It was amazing how naive she could be, for a creature who predated the Enchanter Wars and could pick up a grizzly bear with one hand. Ingvar offered no further argument; he found that Aspen learned about people more quickly when allowed to interact with them, and immediately grew bored when he tried to lecture her. By and large, it was a good enough way to proceed. Obviously they couldn’t enter any actual towns, save the elven groves and scattered Ranger enclaves where she was a celebrity rather than a feared monster. Encountering isolated individuals who would not be enthused to meet a dryad was probably good for her, overall.

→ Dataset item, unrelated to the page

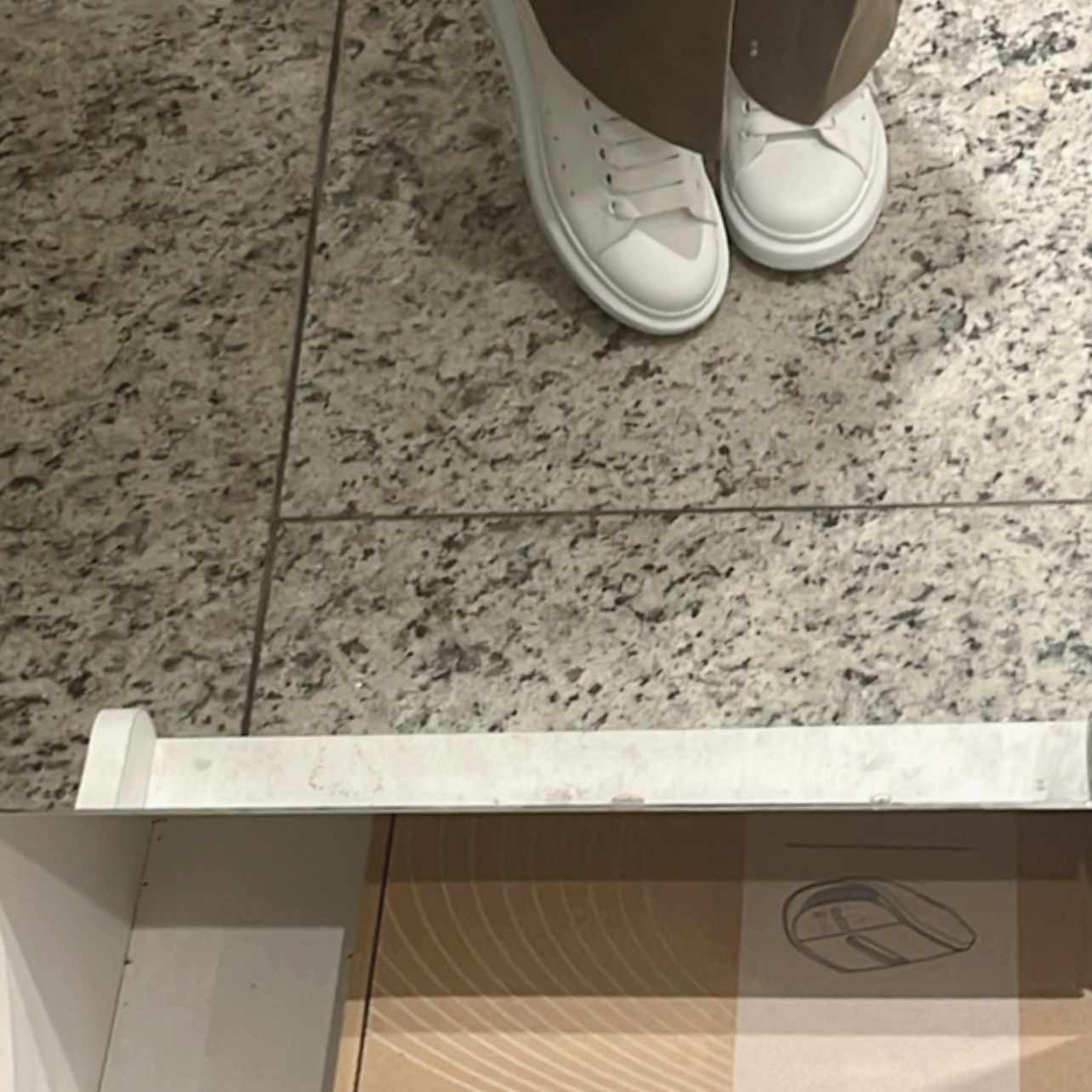 (W) Alexander McQueen Oversized Sneakers White 착용 스타일
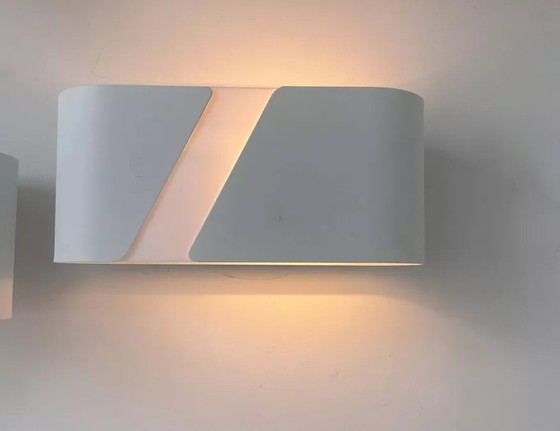 Image 1 of 2X wit mat metaal en plexiglas wandlamp, Holland 1980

Reddish light filtered through the trees from the west; the shadow of the Wyrnrange in the east had already gone fully dark. It was about time to be looking for a campsite anyway. Hopefully whoever was playing that flute would be willing to share. If not, they would have to keep looking and probably risk traveling after dark. On his own, Ingvar would have been more perturbed at the prospect, but these woods held nothing that would challenge a dryad. Actually, they were too far below the mountains for cougars, and the small local black bears probably wouldn’t get aggressive with a human anyway. Still, traveling with Aspen had started to spoil him a little.

They found a stream before they found the music, and in fact followed the path it cut through the ground uphill to a flat stretch of rock that jutted over the water, upon which no trees grew. It had been cleared of underbrush and a fire built near its center. Upon a fallen log next to the fire sat the music maker.

It was an elf. He had black hair. Ingvar narrowed his eyes, studying him.

“Oh, that’s a weird flute,” Aspen blurted out.

The elf was apparently unsurprised by their appearance—but then, he had doubtless heard them coming for the last half mile, even with his music. He lowered the little potato-shaped instrument from his lips to grin at the.

“It’s called an ocarina! Bit of a family tradition, you might say. Well, then!” He looked back and for between them a few times. “I’ve gotta say, you two aren’t what I was expecting.”

“What were you expecting?” Ingvar asked warily.

“It’s a funny thing, how you can have absolutely no idea what’s coming and still be surprised at the form it takes,” the elf said cheerfully. “Any shaman my age has to get used to the effect. The spirits told me that this is where I needed to come, that there was someone I needed to meet, and that I’d need to guide them to the next stage of their quest. But a dryad and a Huntsman of Shaath? That is a new one. Regardless, be welcome at my fire, daughter of Naiya, Brother of the Wolf. Consider the hospitality of my camp yours, as the hospitality of the forest is for all of us. My name is Rainwood.”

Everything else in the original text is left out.